Why Didn’t Somebody Tell Somebody?

Santa Paula

A curious, graceful peace seemed to hang over the narrow, verdant valley as the season hovered halfway through the spring. Hay wagons were loading in the fields, peaches ripening on the trees. And people, as though they didn’t know that all humanity is supposed to rush frantically from task to task, were sitting in the shade in the little towns, gossiping, or chatting, or just sitting.

Usually we don’t go on jaunts in such a gentle mood. Usually we boast that we made it to Santa Barbara in two hours or to San Diego in two and a half or to San Francisco between eight and six. But today — because it was spring and because we were tired of the whish-whish of crowded highways, we had chosen the longest way around and were prepared to boast that we had made it to Ventura in not a minute less than eight hours.

You have known, perhaps, a friend, chatting, laughing, making plans — unconscious that he was doomed to die within a few hours?
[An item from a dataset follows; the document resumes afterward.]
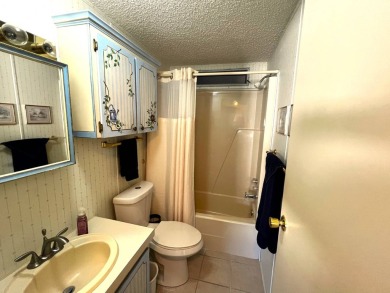 Discover your ideal retreat with this meticulously designed on Lake Henry Golf Club in Florida - for sale on GolfHomes.com, golf home, golf lot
Perhaps he has left your side and started to cross the street and was run over by a truck. Or perhaps a building fell. And you read the next morning that such-and-such has happened and that the funeral will be held at such-and-such a time.

But did you ever take leave of a whole city, a whole population, laying aside, regretfully, a sudden new friendship for a people, while your new friend went on about its manifold tasks unconscious that it, too, had been doomed to sudden death in the night?

None of us knew of — or thought about — Saint Francis Dam, a narrow wall of concrete, bracing itself against billions of gallons, millions of tons, of water back somewhere in the hills. City people don’t know about such things. A lake is such a placid thing; one forgets that it can become in a moment a raging carrier of death.

The last place we stopped in Ventura was at a roadside stand where a tawny-haired, smiling girl served us with steaks and French fried potatoes between whispered, laughing conferences with a blue-shirted boy at another table. Afterwards, we sat in the gathering dusk, and after a little while she turned out the lights in the place, and they sat with us for a while and we talked of crops and the weather and the price of gasoline and other things that people talk about when it doesn’t matter whether they talk or not.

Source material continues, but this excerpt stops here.